Creating an environment with packages requiring CUDA

Many tools check, whether the system has a cuda capable graphics card set up and will install non cuda enabled versions by default if none is found (as is the case on the login node, where environments are normally built). This can be overcome by loading cuda specific versions (as detailed below). It might however happen, that the environment creation process aborts with a message similar to:

nothing provides __cuda needed by tensorflow-2.9.1-cuda112py310he87a039_0

In this instance it might be necessary to override the CUDA settings used by conda/mamba.
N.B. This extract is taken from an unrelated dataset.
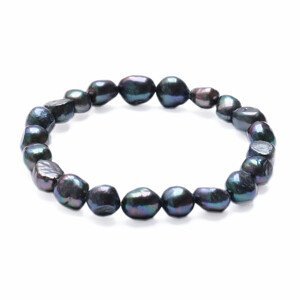 Dámský perlový náramek černé perly 10 mm - obvod cca 16 až 21 cm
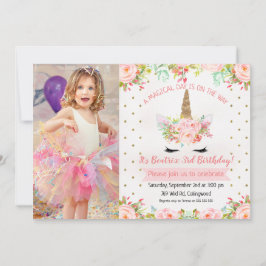 Convite de Aniversário para Girls Floral Unicorn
To do this, prefix your environment creation command with CONDA_OVERRIDE_CUDA=CUDAVERSION, where CUDAVERSION is the Cuda toolkit version you intend to use as in:

CONDA_OVERRIDE_CUDA="11.2" mamba env create -f cuda-env.yml

This will allow conda to assume that the respective cuda libraries will be present at a later point but skip those requirements during installation.
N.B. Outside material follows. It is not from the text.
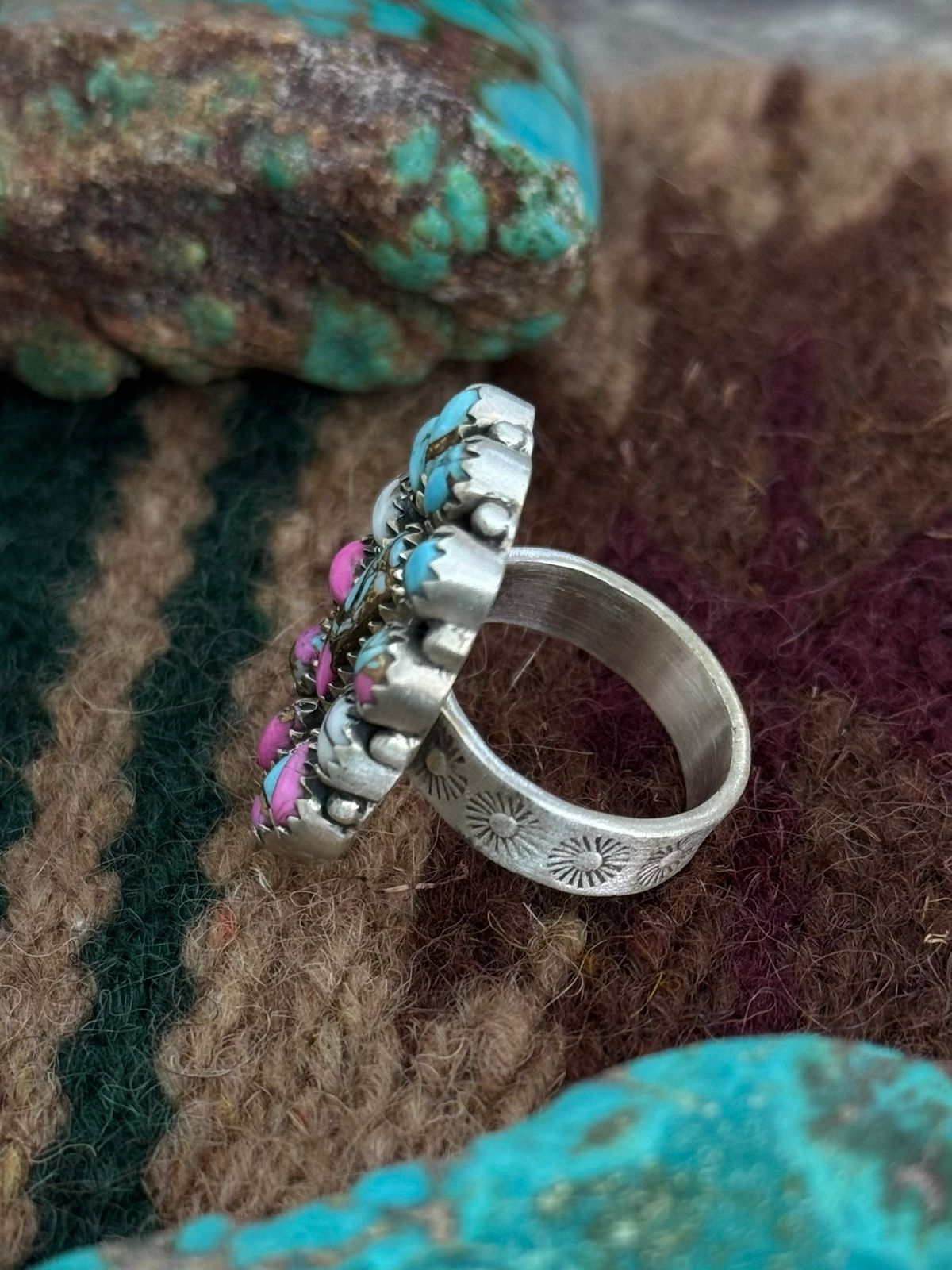Handmade Sterling Silver Cotton Candy Adjustable Ring "Singed Nizhoni"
Creating an environment with GPU enabled PyTorch

To create an environment with GPU enabled PyTorch you can use an environment file like this pytorch-env.yml:

name: pytorch-env
channels:
  - pytorch
  - conda-forge
dependencies:
  - pytorch=*=*cuda*

Here we install the latest pytorch vesion from pytorch-channel with an additional requirement that the build version of the pytorch-package must contain a reference to a cuda toolkit. Additional packages required by pytorch are installed from conda-forge-channel. For a specific version replace the =*=*cuda* with e.g. =1.12=*cuda* for version 1.12.

Examples:

Let’s run the MNIST example from PyTorch’s tutorials:

class Net(nn.Module):
    def __init__(self):
        super(Net, self).__init__()
        self.conv1 = nn.Conv2d(1, 20, 5, 1)
        self.conv2 = nn.Conv2d(20, 50, 5, 1)
        self.fc1 = nn.Linear(4*4*50, 500)
        self.fc2 = nn.Linear(500, 10)

    def forward(self, x):
        x = F.relu(self.conv1(x))
        x = F.max_pool2d(x, 2, 2)
        x = F.relu(self.conv2(x))
        x = F.max_pool2d(x, 2, 2)
        x = x.view(-1, 4*4*50)
        x = F.relu(self.fc1(x))
        x = self.fc2(x)
        return F.log_softmax(x, dim=1)

The full code for the example is in tensorflow_mnist.py. One can run this example with srun:

wget https://raw.githubusercontent.com/AaltoSciComp/scicomp-docs/master/triton/examples/pytorch/pytorch_mnist.py
module load anaconda
srun --time=00:15:00 --gres=gpu:1 python pytorch_mnist.py

or with sbatch by submitting pytorch_mnist.sh:

#!/bin/bash
#SBATCH --gres=gpu:1
#SBATCH --time=00:15:00

module load anaconda

python pytorch_mnist.py

The Python-script will download the MNIST dataset to data folder.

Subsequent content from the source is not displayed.